Stored data entries:
/---

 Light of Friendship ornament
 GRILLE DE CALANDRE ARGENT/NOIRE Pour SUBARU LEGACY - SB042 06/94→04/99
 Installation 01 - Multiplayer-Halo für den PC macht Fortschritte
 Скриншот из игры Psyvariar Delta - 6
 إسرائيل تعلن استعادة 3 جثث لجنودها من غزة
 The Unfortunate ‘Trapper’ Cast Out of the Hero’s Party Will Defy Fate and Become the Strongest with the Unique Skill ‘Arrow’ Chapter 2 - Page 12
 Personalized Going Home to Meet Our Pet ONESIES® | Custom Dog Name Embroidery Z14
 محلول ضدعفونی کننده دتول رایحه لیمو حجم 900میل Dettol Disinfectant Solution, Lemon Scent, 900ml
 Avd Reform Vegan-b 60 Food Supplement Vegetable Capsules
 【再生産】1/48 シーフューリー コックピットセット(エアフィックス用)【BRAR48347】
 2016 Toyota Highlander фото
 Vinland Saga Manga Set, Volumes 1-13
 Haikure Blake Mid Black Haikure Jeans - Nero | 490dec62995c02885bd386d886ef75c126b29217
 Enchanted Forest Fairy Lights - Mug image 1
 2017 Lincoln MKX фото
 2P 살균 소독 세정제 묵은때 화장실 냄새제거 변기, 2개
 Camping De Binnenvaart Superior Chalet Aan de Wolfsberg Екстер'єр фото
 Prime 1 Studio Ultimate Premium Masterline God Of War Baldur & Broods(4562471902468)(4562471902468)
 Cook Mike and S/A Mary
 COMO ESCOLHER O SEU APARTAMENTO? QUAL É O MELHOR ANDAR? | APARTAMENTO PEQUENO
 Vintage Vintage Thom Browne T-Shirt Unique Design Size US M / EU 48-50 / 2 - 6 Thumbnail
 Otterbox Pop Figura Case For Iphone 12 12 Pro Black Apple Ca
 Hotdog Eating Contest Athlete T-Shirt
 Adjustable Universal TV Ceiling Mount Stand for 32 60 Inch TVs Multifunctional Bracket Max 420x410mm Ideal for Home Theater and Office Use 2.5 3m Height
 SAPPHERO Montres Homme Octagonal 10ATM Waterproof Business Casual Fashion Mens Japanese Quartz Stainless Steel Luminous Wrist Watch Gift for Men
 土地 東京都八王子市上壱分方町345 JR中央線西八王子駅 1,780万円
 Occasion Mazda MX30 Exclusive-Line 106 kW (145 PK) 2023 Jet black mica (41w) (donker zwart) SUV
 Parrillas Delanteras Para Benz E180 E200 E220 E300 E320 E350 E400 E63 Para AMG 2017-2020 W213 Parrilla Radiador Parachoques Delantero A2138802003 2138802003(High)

\---

Return, with no change at all, every line in the entries above from the line containing "إسرائيل تعلن استعادة 3 جثث لجنودها من غزة" through the line containing "Haikure Blake Mid".

 إسرائيل تعلن استعادة 3 جثث لجنودها من غزة
 The Unfortunate ‘Trapper’ Cast Out of the Hero’s Party Will Defy Fate and Become the Strongest with the Unique Skill ‘Arrow’ Chapter 2 - Page 12
 Personalized Going Home to Meet Our Pet ONESIES® | Custom Dog Name Embroidery Z14
 محلول ضدعفونی کننده دتول رایحه لیمو حجم 900میل Dettol Disinfectant Solution, Lemon Scent, 900ml
 Avd Reform Vegan-b 60 Food Supplement Vegetable Capsules
 【再生産】1/48 シーフューリー コックピットセット(エアフィックス用)【BRAR48347】
 2016 Toyota Highlander фото
 Vinland Saga Manga Set, Volumes 1-13
 Haikure Blake Mid Black Haikure Jeans - Nero | 490dec62995c02885bd386d886ef75c126b29217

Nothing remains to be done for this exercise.